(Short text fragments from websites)
________________________

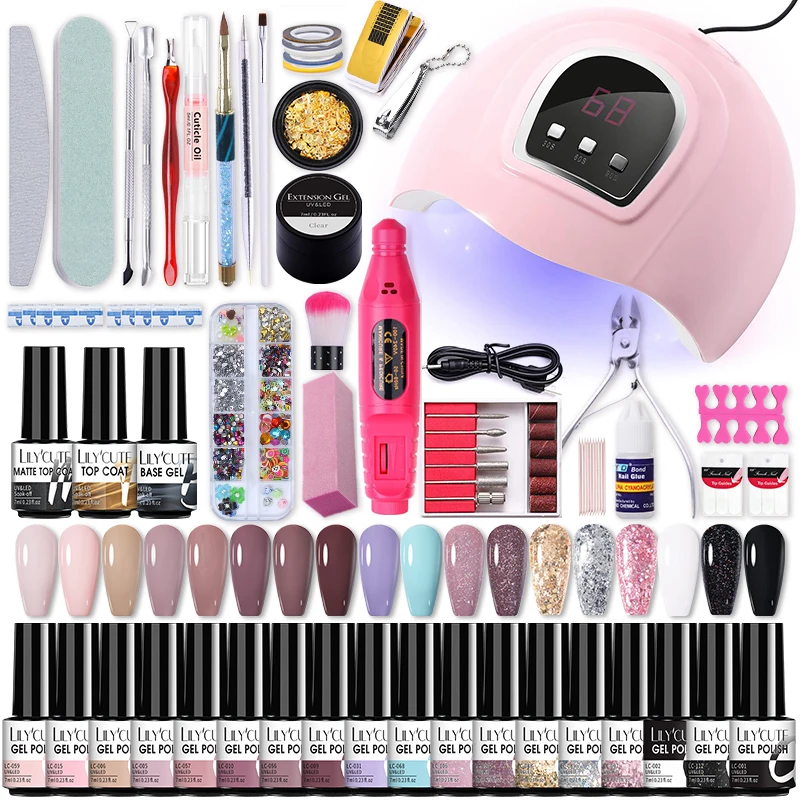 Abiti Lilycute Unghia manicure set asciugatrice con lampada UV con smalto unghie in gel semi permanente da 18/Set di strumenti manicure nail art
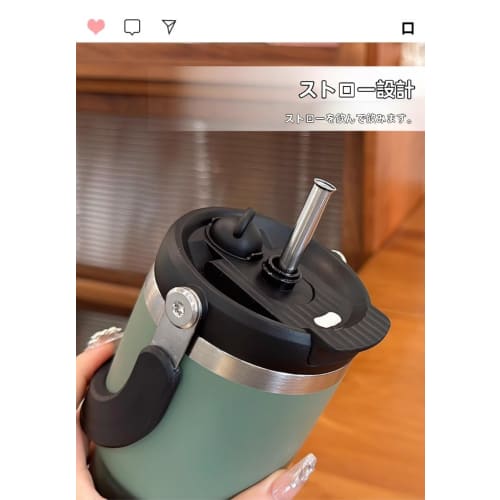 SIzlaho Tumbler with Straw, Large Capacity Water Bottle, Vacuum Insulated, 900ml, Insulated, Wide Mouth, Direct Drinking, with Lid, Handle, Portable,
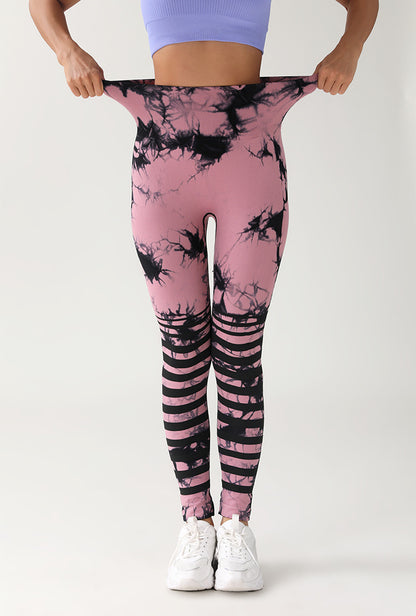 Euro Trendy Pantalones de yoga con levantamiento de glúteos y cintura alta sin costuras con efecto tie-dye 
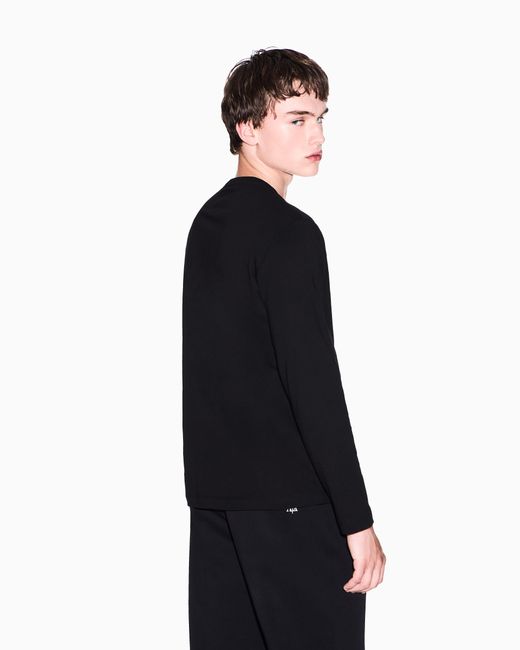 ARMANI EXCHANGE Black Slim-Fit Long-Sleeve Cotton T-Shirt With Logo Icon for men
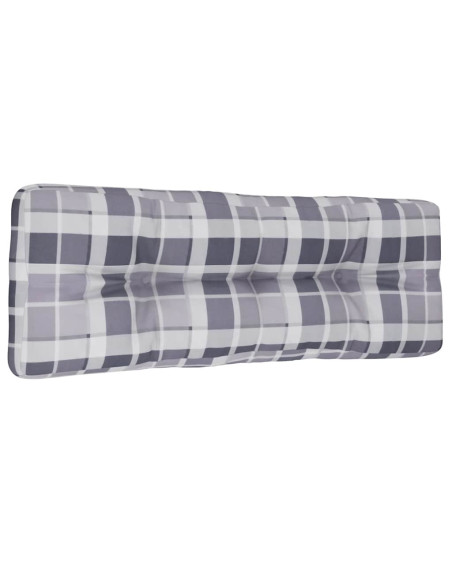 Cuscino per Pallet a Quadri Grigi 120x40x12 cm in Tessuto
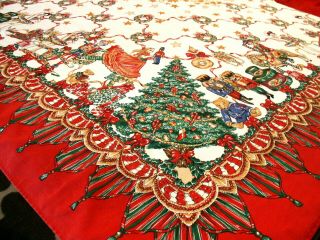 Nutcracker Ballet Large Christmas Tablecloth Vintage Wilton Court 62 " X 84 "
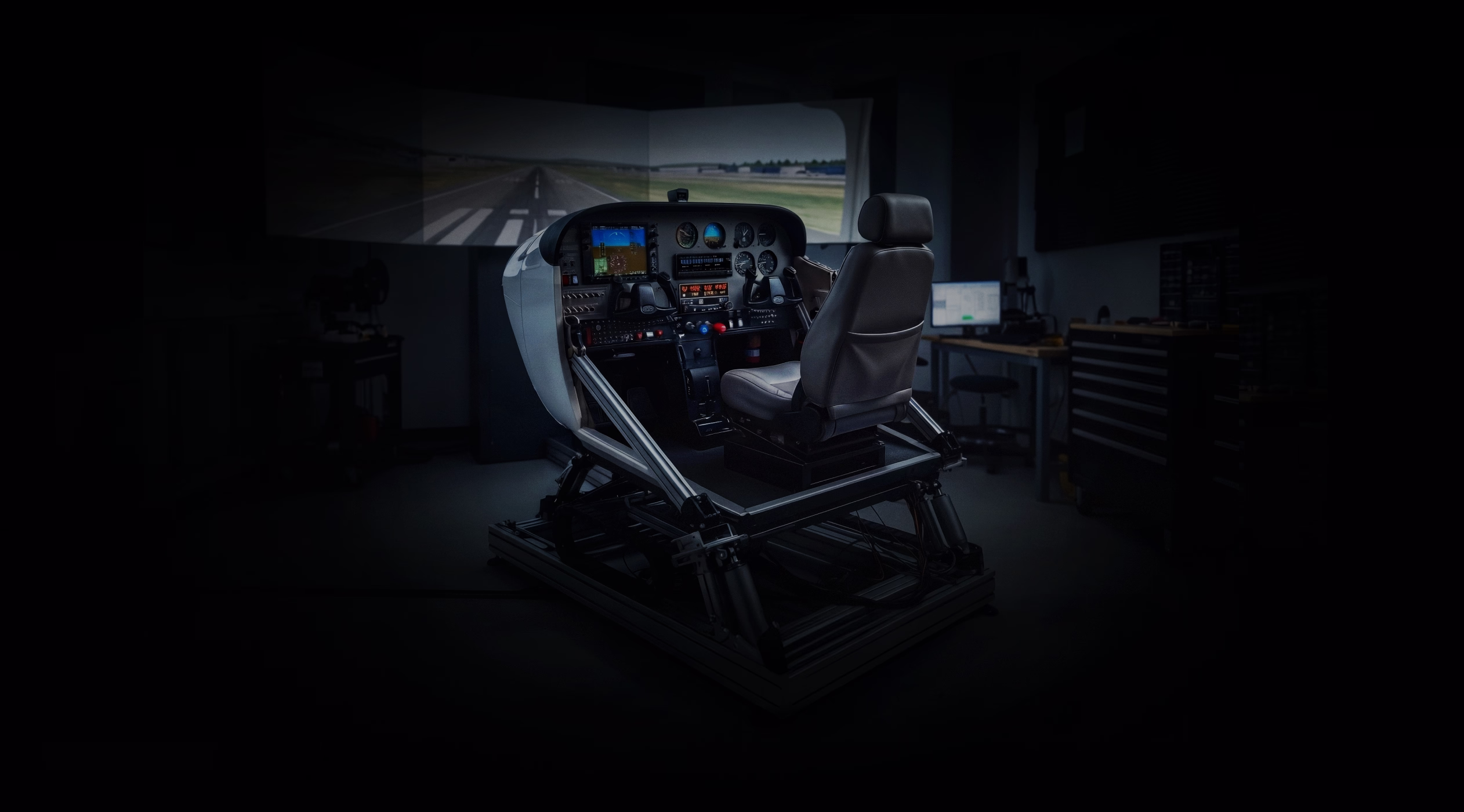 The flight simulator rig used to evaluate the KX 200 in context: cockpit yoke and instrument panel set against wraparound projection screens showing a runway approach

________________________

__EXERCISE OBJECTIVE__. Copy exactly the lines from the one containing "Euro Trendy Pantalones" through the last line of the records above, including both, and omit every picture.

__EXPECTED ANSWER__.
 Euro Trendy Pantalones de yoga con levantamiento de glúteos y cintura alta sin costuras con efecto tie-dye 
 ARMANI EXCHANGE Black Slim-Fit Long-Sleeve Cotton T-Shirt With Logo Icon for men
 Cuscino per Pallet a Quadri Grigi 120x40x12 cm in Tessuto
 Nutcracker Ballet Large Christmas Tablecloth Vintage Wilton Court 62 " X 84 "
 The flight simulator rig used to evaluate the KX 200 in context: cockpit yoke and instrument panel set against wraparound projection screens showing a runway approach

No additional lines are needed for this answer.